Dans une lecture plus approfondie du processus électoral au Maroc, il ne suffit pas de réduire la question à une opposition binaire entre renouvellement des élites et reproduction de celles-ci. Le paysage électoral repose en réalité sur une interaction complexe entre des acteurs fondamentaux, dont les positions et les objectifs diffèrent sensiblement. D’une part, ceux qui aspirent à l’accès au Parlement, et éventuellement à des fonctions de gouvernance gouvernementale ou territoriale. D’autre part, l’autorité administrative et politique, incarnée principalement par le ministère de l’Intérieur, en tant qu’appareil à la fois organisationnel et de contrôle, chargé d’encadrer et de réguler les conditions de la compétition.
Cette distinction entre les acteurs n’est pas un simple détail technique ; elle constitue une clé essentielle pour comprendre les modalités de production des élites politiques. Les candidats n’évoluent pas dans un espace démocratique abstrait ou idéal, mais au sein d’un cadre fortement normé, où les règles du jeu sont largement définies en amont. Dans le même temps, l’autorité ne se limite pas à un rôle d’arbitre neutre ; elle assume également une fonction d’organisation qui contribue à recomposer les équilibres politiques, dans une logique de préservation de la stabilité institutionnelle.
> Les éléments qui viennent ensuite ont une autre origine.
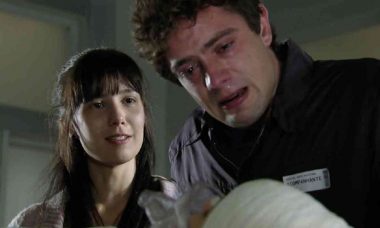 Manuela conta para Rodrigo que ele é o pai de Júlia nesta segunda (22) em 'A Vida da Gente'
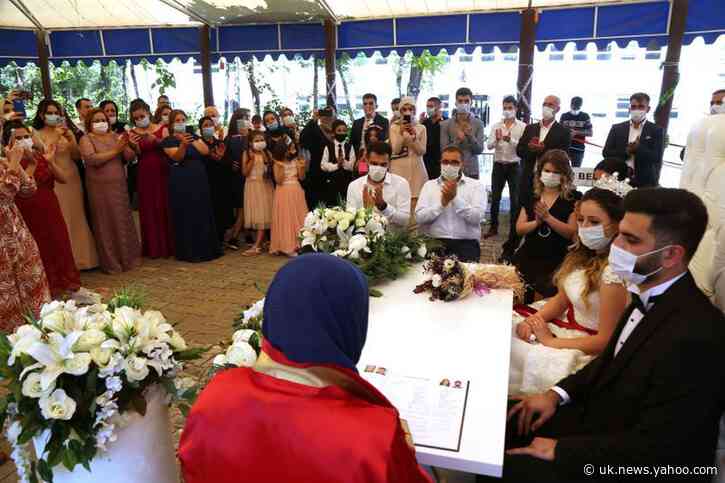 Turkey&#39;s wedding halls reopen with lace-trimmed masks and muted celebrations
Dans cette perspective, la notion de renouvellement des élites ne dépend pas uniquement de la volonté des électeurs ou de la dynamique partisane, mais également de la nature des rapports entre acteurs politiques et administratifs. Un véritable renouvellement suppose en effet un degré substantiel de transparence, non seulement le jour du vote, mais tout au long des étapes préalables qui façonnent la carte électorale : depuis l’attribution des investitures partisanes jusqu’à l’ingénierie du territoire électoral local, en passant par les équilibres de pouvoir implicites qui influencent les chances de candidature et de victoire. Or, ce qui caractérise ce contexte, c’est que les élections ne fonctionnent pas uniquement comme un mécanisme de sélection de représentants politiques, mais également comme un instrument de redistribution des loyautés. La loyauté ne doit pas ici être entendue seulement dans son sens personnel ou partisan ; elle revêt une dimension plus structurelle, liée à la manière dont les acteurs politiques s’insèrent dans la logique globale de l’État. Autrement dit, il ne s’agit pas uniquement de savoir qui accède au Parlement, mais aussi selon quelles conditions cet accès s’effectue, et quelles recompositions en résultent au sein du réseau de relations entre l’autorité, les partis et les élus.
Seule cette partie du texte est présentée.